→ **Data**
--- START ---
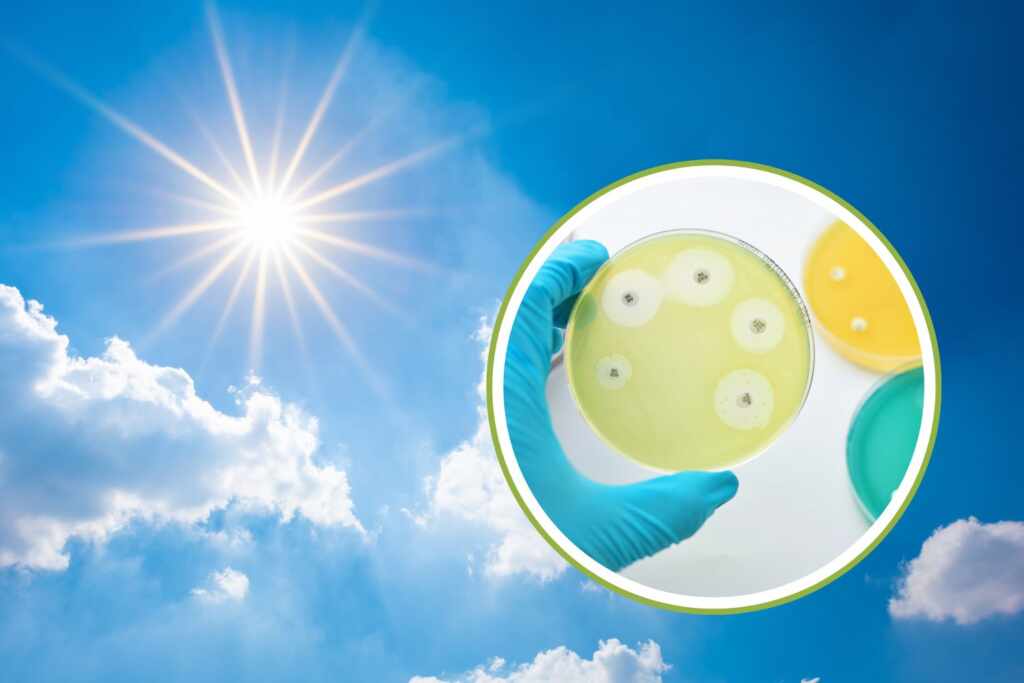 sun and vitamin D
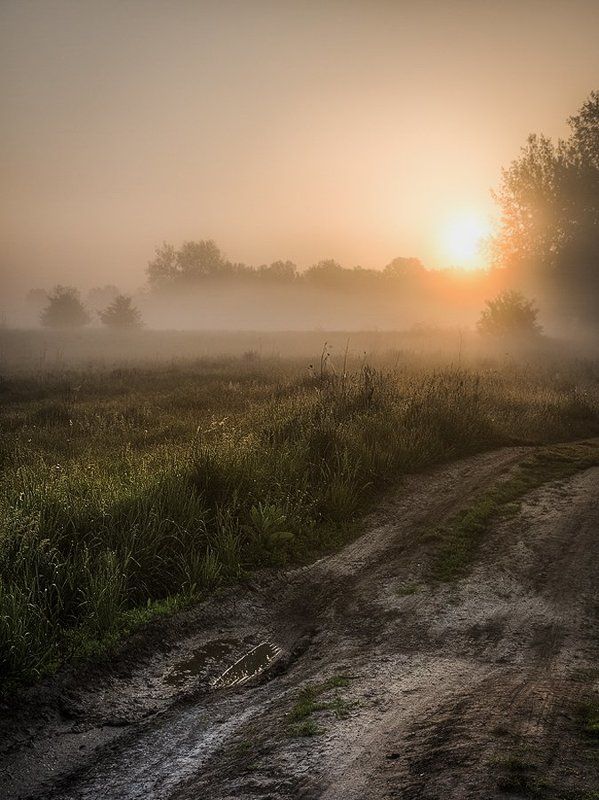 Утро восход На восходеphoto preview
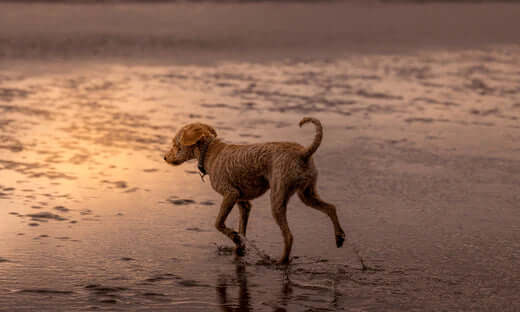 Golden retriever walking on beach at sunset with orbiloc safety lights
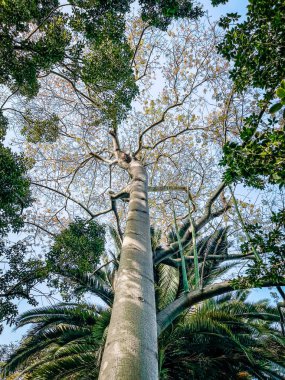 Parktaki bir ağacın yeşil yaprakları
--- END ---
→ **Task details**
The whole listing above, word for word: repeat it with the pictures excluded.

→ **Solution for this problem**
 sun and vitamin D
 Утро восход На восходеphoto preview
 Golden retriever walking on beach at sunset with orbiloc safety lights
 Parktaki bir ağacın yeşil yaprakları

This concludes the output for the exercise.